OKLAHOMA CITY — As the nation’s midsection braces for another bout of severe weather, many residents in Oklahoma are still reeling from a rare combination of tornadoes and flash flooding spawned from the latest round of thunderstorms that rumbled across the state.
Conditions appeared to be ripe on May 8-9 for storms that could produce even more powerful tornadoes across an area covering southern Kansas, western Oklahoma and parts of North Texas, said meteorologist John Hart of the Storm Prediction Center in Norman.
Storms that spawned 51 tornadoes in several southern Plains states late May 6 also brought torrential downpours in central Oklahoma so heavy that a 43-year-old Oklahoma City woman drowned after becoming trapped inside her underground storm cellar.
“It just flooded with her in it, and she couldn’t get out because it was like a river coming down on top of her,” said police Sgt. Gary Knight. “I don’t recall it ever raining like that before.”

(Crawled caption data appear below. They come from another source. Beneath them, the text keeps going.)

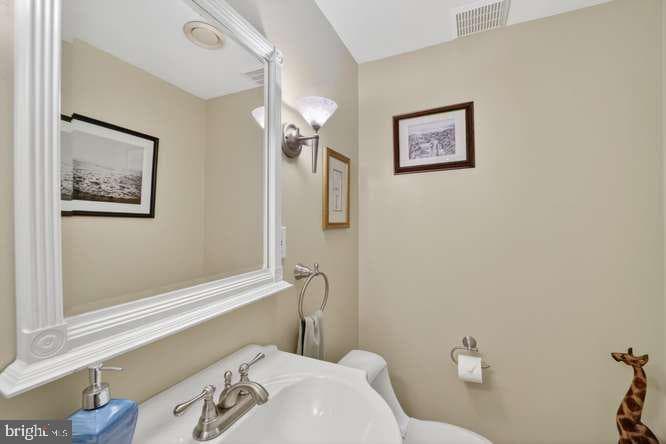 1307 Blackwalnut Court photo 38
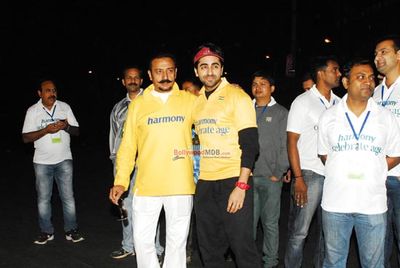 The Standard Chartered Mumbai Marathon 2015 witnesses the presence of many Bollywood Celebrities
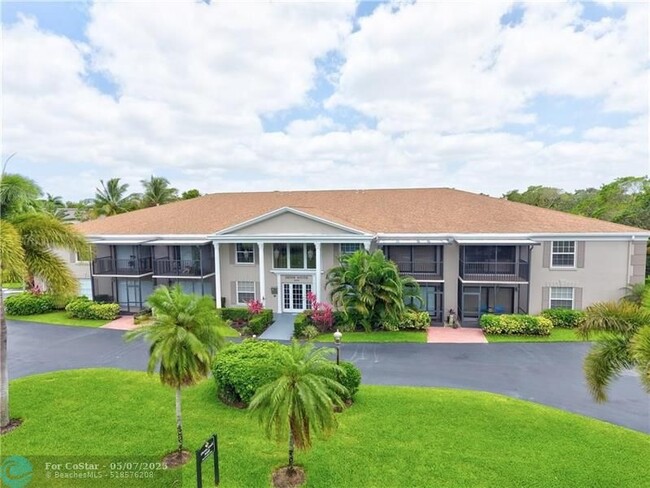 Building Photo - 9000 Jacaranda Ln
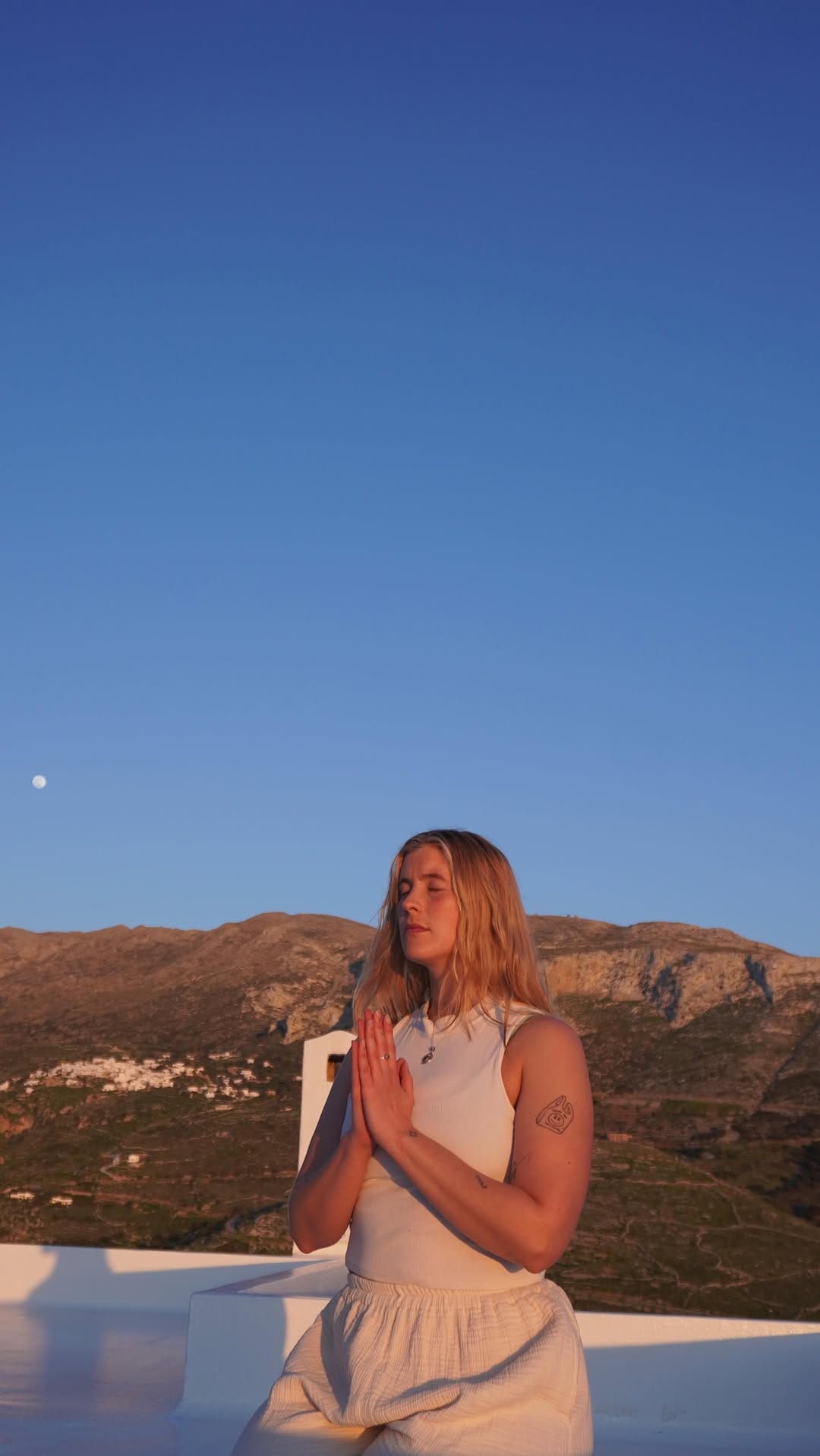 Post 3 by Melanie Kaye on Instagram (video)
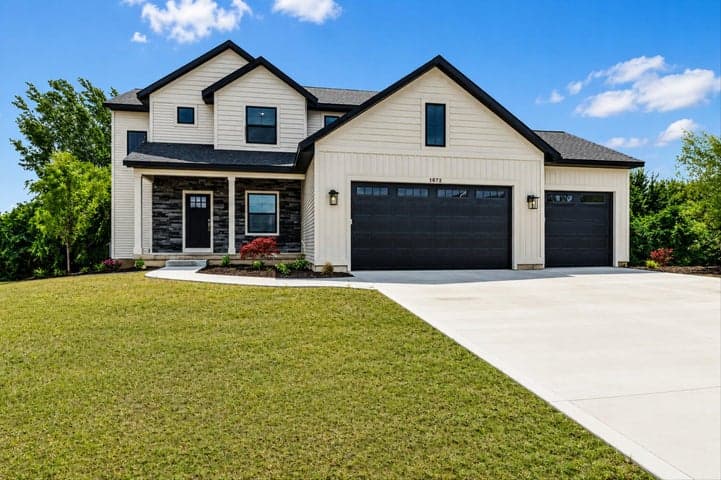 1872 Northfield Court SW, Byron Center, MI 49315
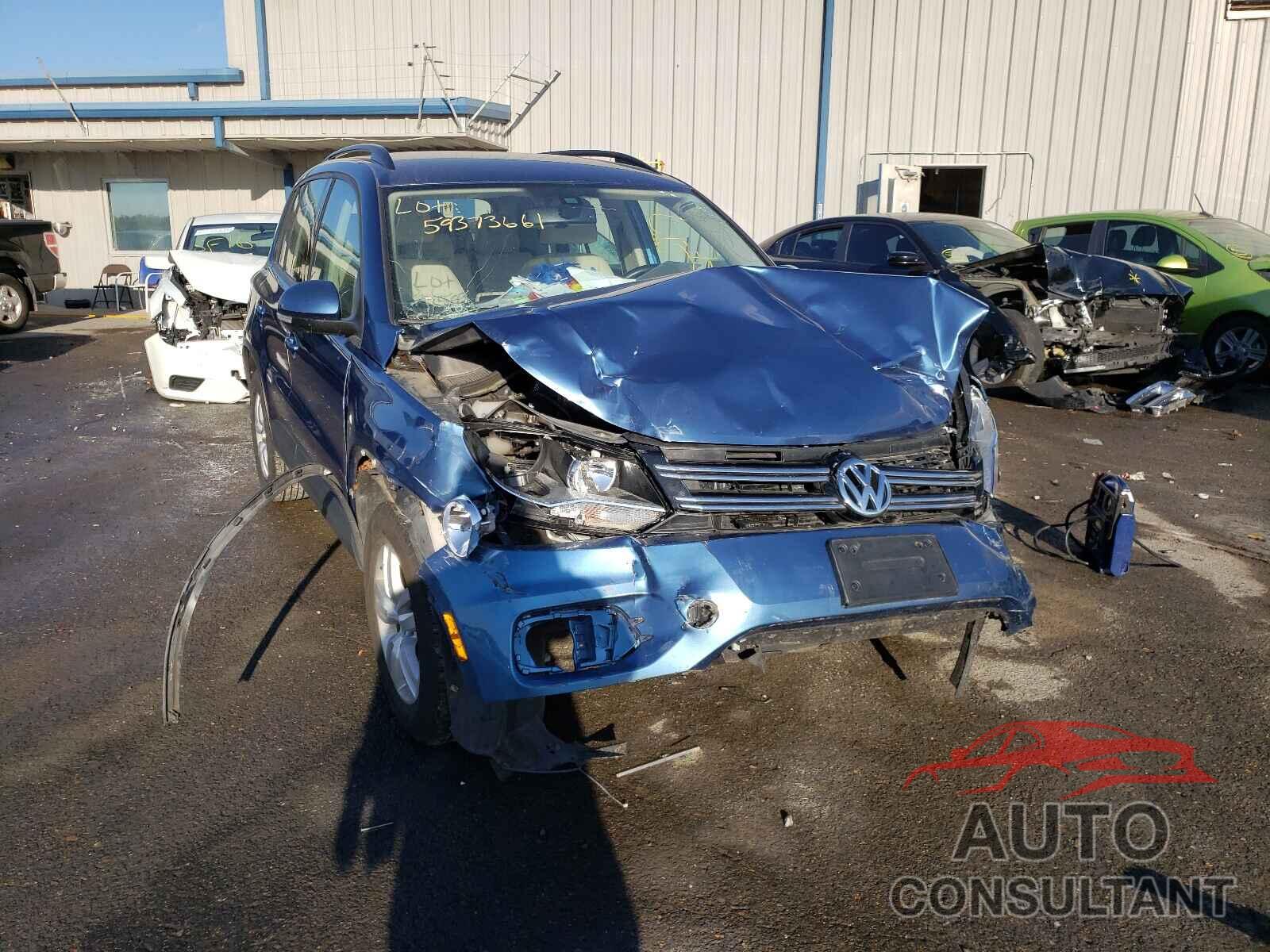 VOLKSWAGEN TIGUAN 2017 - WVGBV7AX7HW512065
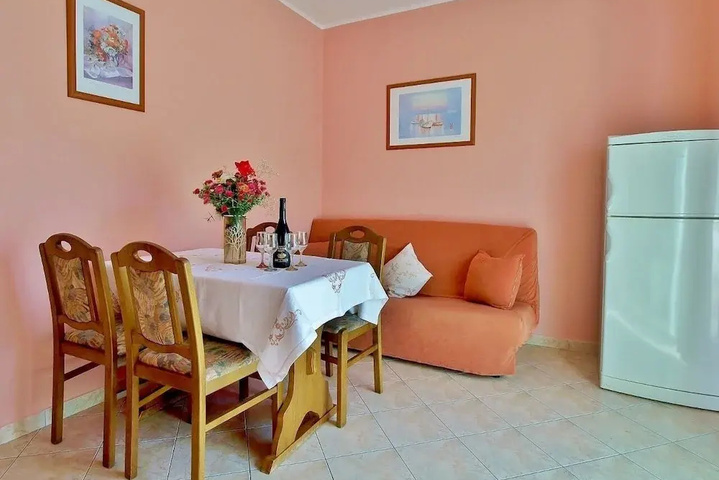 Room 2 of 13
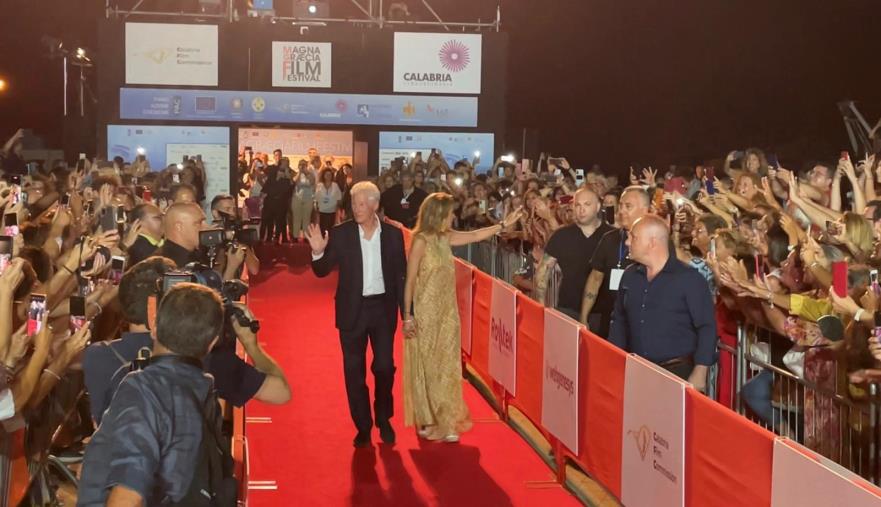 images Catanzaro, bagno di folla per Richard Gere al Mgff (VIDEO)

Skylyna Stewart’s body was discovered in an older, underground shelter detached from the home, and Knight and other emergency management officials said such cases are extremely rare.
The 7.1 inches that fell in Oklahoma City was the third highest rainfall for any day on record, dating back to 1890, said state climatologist Gary McManus, and radar data from the southeast part of the city where Stewart’s body was recovered indicated as much as 8 to 12 inches may have fallen.
“Part of the problem was that we had gotten a lot of rain earlier,” McManus said. “The soils were moist, and the rain had nowhere to go.”
A few miles away in Moore, Kelly Ruffin said she and her family took shelter from the storms in an underground shelter installed in their garage when water from the heavy rains began leaking in.
“It was a heavy trickle at first, and within about 10 or 15 seconds, it was gushing,” Ruffin said. “We had to decide if we were going to stay down there and drown or get out, because the sirens were going off. We decided to get out.”
Blake Lee of F5 Storm Shelters & Safe Rooms has been installing shelters in Oklahoma for nearly five years and described the drowning as a “really, really freak deal.”
“It was a flash flooding situation, and we got more rain yesterday than we typically get in a month,” Lee said. “The underground garage model, to this day I’ve never heard of anyone dying in them.”
Blake said it’s not uncommon for an underground shelter to leak, and he encouraged people who have one to check them every few months to make sure they’re not filling up with water.
“If you’ve been doing this long enough, you’re going to have shelters that leak. It can happen,” he said. “But it’s a really easy fix.”